Les procureurs ont estimé que l'attaque de vendredi dans un centre culturel de Chautauqua, où Salman Rushdie allait donner une conférence, était préméditée. A 75 ans, l'intellectuel a été poignardé au moins à dix reprises au cou et à l'abdomen. "Salman va probablement perdre un œil, les nerfs de son bras ont été sectionnés et il a été poignardé au foie", a confié au New York Times Andrew Wylie, son agent. Il a aussi confié que Salman Rushdie a recommencé à parler le 13 août au soir, sans dire s'il restait ou pas sous assistance respiratoire.

L'attentat a provoqué une onde de choc, surtout dans les pays occidentaux. Le président américain Joe Biden a condamné "une attaque brutale" et rendu hommage à Salman Rushdie pour son "refus d'être intimidé et réduit au silence".  Vivant à New York depuis 20 ans, Salman Rushdie avait repris une vie peu ou prou normale tout en continuant de défendre, dans ses livres, la satire et l'irrévérence.
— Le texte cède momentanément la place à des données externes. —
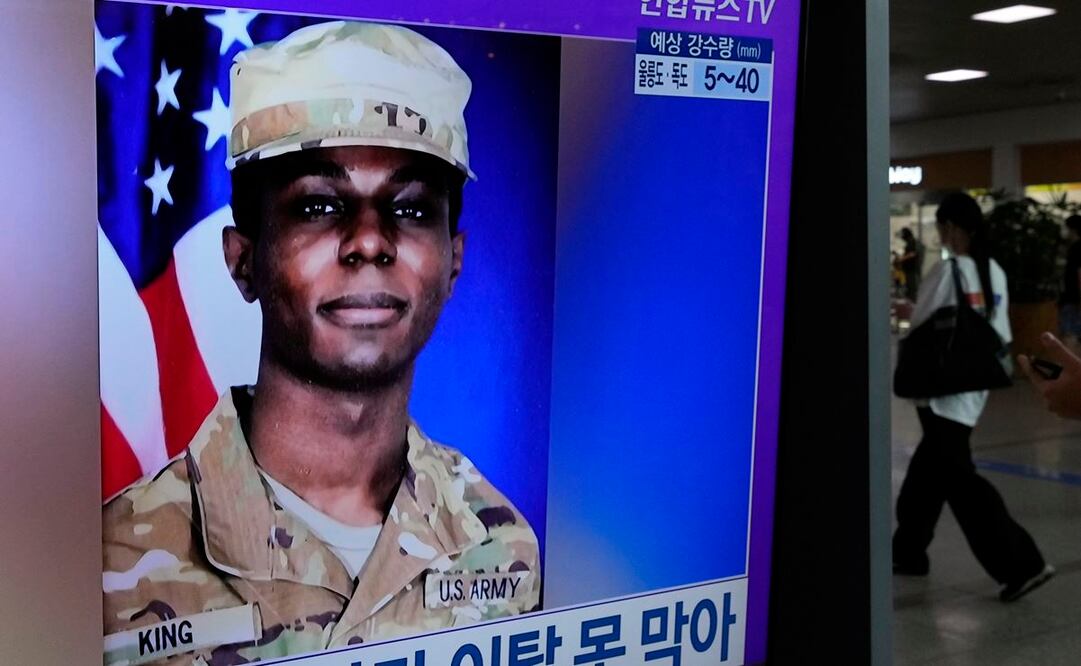 Pantalla de televisión muestra a Travis King, soldado estadounidense que cruzó la frontera coreana. Foto: AP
"Rien ne justifie une fatwa"

"Son combat est le nôtre, universel", avait lancé le 12 août le président français Emmanuel Macron. Le secrétaire général de l'ONU, Antonio Guterres ,s'était déclaré lui "horrifié". Le Premier ministre canadien Justin Trudeau a dénoncé, le 12 août, une "attaque lâche", et un "affront à la liberté d'expression". "Rien ne justifie une fatwa, une condamnation à mort", s'est indigné Charlie Hebdo, journal satirique français décimé par un attentat en janvier 2015.

En Iran, le quotidien ultraconservateur Kayhana félicité l'assaillant : "Bravo à cet homme courageux et conscient de son devoir qui a attaqué l'apostat et le vicieux Salman Rushdie", a écrit le journal. "Baisons la main de celui qui a déchiré le cou de l'ennemi de Dieu avec un couteau". Au Pakistan voisin, le parti Tehreek-e-Labbaik Pakistan, réputé pour sa violence contre ce qu'il appelle du blasphème antimusulman, a jugé aussi que Rushdie "méritait d'être tué". 

Né en 1947 en Inde dans une famille d'intellectuels musulmans non pratiquants, Salman Rushdie avait embrasé une partie du monde islamique avec la publication des "Versets sataniques", conduisant l'ayatollah iranien Rouhollah Khomeiny à émettre la "fatwa" réclamant son assassinat.

Le philosophe français Bernard-Henri Lévy plaide pour que l'écrivain obtienne le prix Nobel de littérature. "Je n'imagine pas un autre écrivain avoir l'outrecuidance, aujourd'hui, de le mériter plus que lui. La campagne commence maintenant", a-t-il écrit dans le Journal du dimanche (JDD).